The plan envisioned by the team from Keck Institute involves a slow-moving spacecraft with an ion-engine, that would catch a rather tiny asteroid the size of a small bus in a bag, and then adjust its trajectory towards a high lunar orbit, a process that could take up to 10 years to complete.

Such a mission could correspond with current plans for future manned missions by NASA. The Obama administration announced their intention to send astronauts to a near-Earth asteroid, after a new manned moon-landing project was cancelled in 2010. Flying to an asteroid would actually take much longer than travelling to the moon, with a mission to one of the potential targets, asteroid 1999 AO10 taking about 5 months and exposing astronauts to all the challenges a deep-space mission brings.

For the objective of studying an asteroid in depth, it would instead be a safer and cheaper option to bring an asteroid robotically to the moon first, since it would be in easier reach of robotic probes and possibly humans, said Keck researchers.
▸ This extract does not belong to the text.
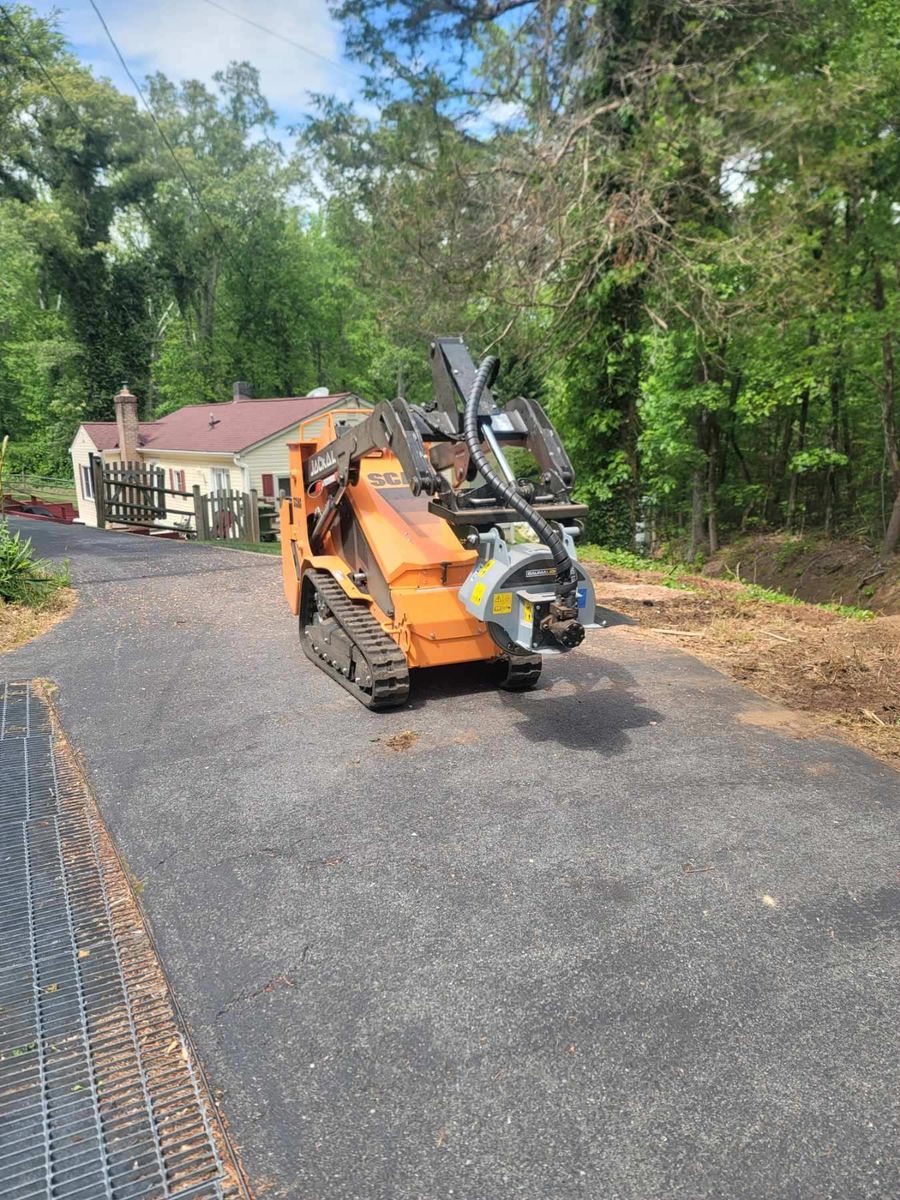 Landscape Design for John Page Landscaping in St. Mary's County, MD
A moon-orbiting asteroid would also be a promising and crucial first step on the path to asteroid mining, and of profound interest to private companies pursuing such ideas. Apart from precious metals like platinum, asteroids could also deliver the elements needed for rocket fuel, mainly hydrogen and oxygen, and facilitate the in-orbit production of fuel for spacecraft going to other more distant destinations like Mars and beyond, which would lower the cost of such missions substantially in the long run.